### [WORK INSTRUCTIONS]
Any picture in the data below should be skipped, while every line is repeated exactly.

### [COLLECTED DATA]

# # # #

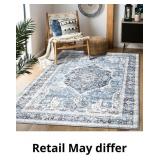 $137 Area Rug 5 7, Vintage Boho Rug,Ultra-Soft Low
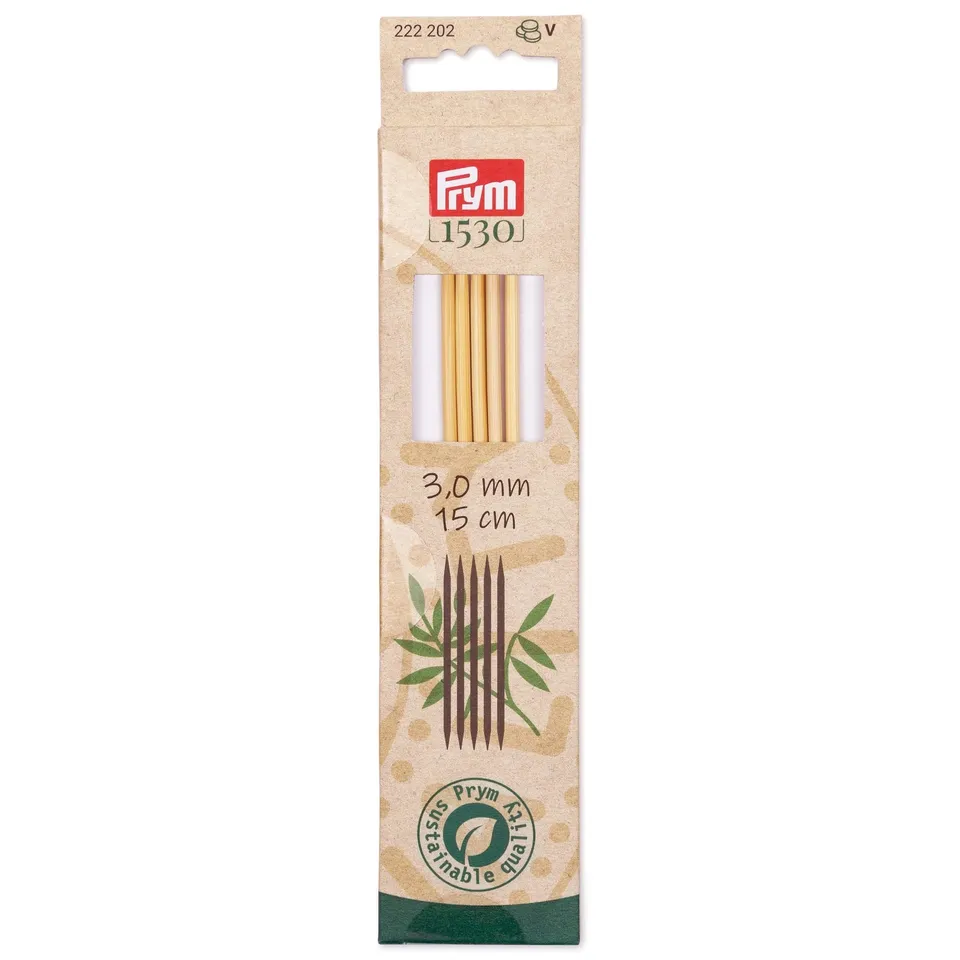 prym-1530-ferri-bamboo-a-doppia-punta-15-cm-3-00-mm image 1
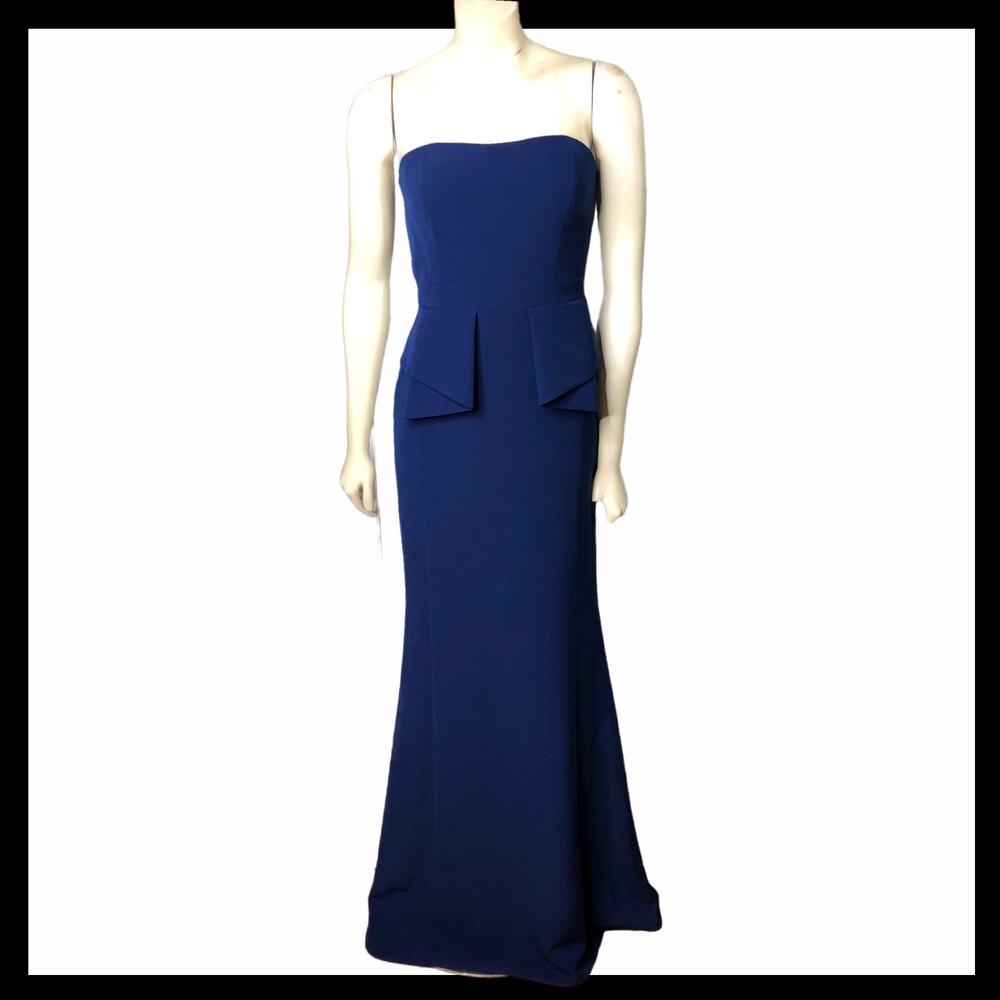 Aidan Mattox Formal Navy Strapless Gown
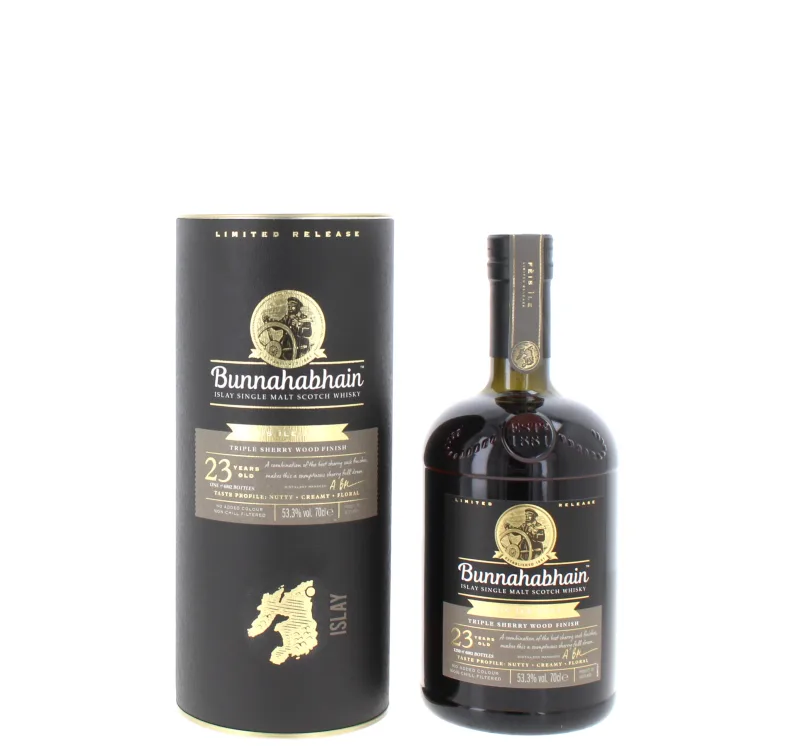 Bunnahabhain – 23 Year Old 1999 Triple Sherry Wood Finish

# # # #

### [WRITTEN SOLUTION]
 $137 Area Rug 5 7, Vintage Boho Rug,Ultra-Soft Low
 prym-1530-ferri-bamboo-a-doppia-punta-15-cm-3-00-mm image 1
 Aidan Mattox Formal Navy Strapless Gown
 Bunnahabhain – 23 Year Old 1999 Triple Sherry Wood Finish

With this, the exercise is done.